In how many lines of the material below does the string "australasiae" appear? Answer with a single number.

AVAILABLE RECORDS =
########################################

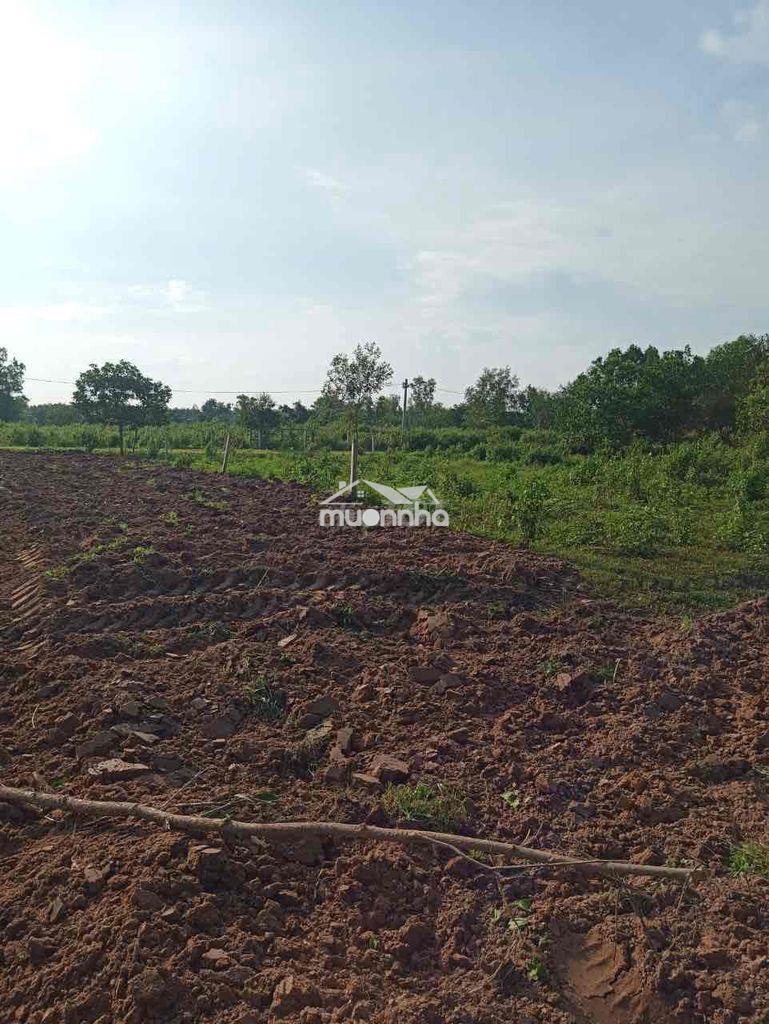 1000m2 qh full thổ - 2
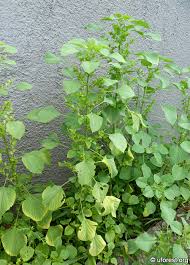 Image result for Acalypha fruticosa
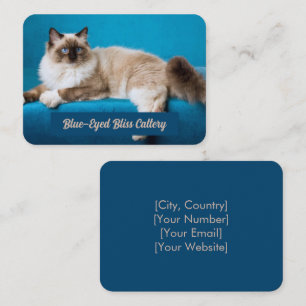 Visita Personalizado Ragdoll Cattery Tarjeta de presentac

########################################

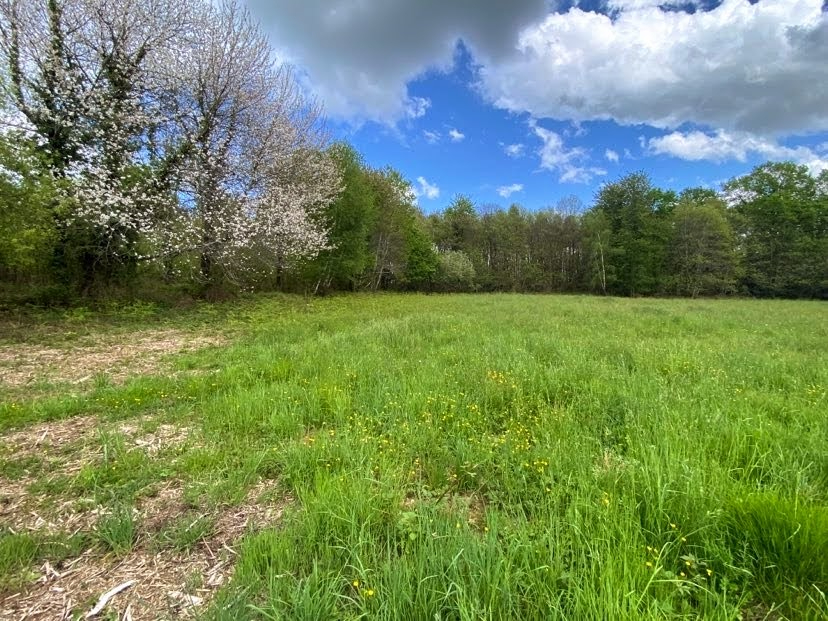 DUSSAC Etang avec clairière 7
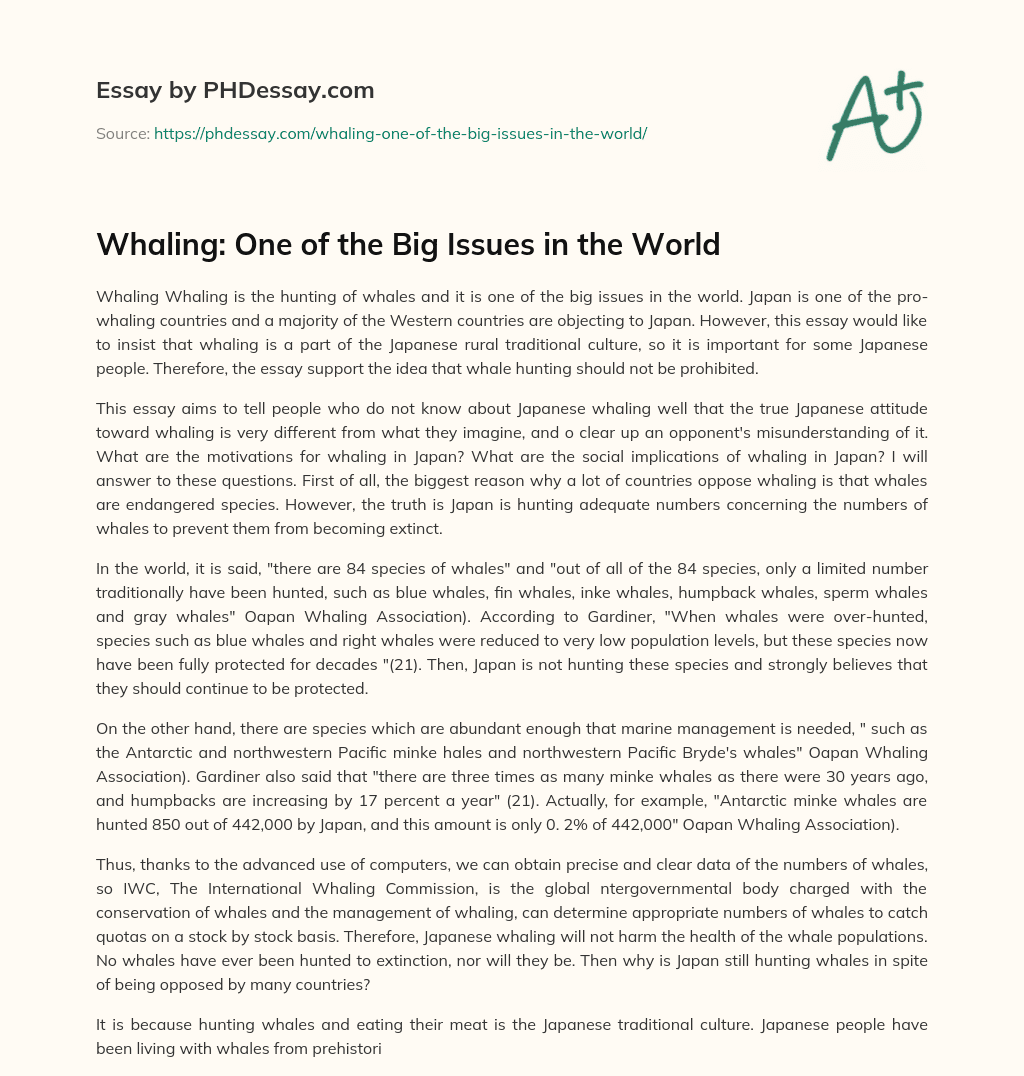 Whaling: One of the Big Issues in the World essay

########################################

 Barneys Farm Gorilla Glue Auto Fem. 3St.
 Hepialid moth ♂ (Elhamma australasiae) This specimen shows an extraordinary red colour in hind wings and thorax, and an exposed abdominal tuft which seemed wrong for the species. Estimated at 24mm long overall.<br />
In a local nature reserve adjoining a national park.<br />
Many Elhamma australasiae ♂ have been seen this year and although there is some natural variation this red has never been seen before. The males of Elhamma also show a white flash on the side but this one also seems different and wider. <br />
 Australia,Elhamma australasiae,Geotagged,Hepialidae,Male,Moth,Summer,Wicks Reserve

########################################

TASK RESPONSE = 3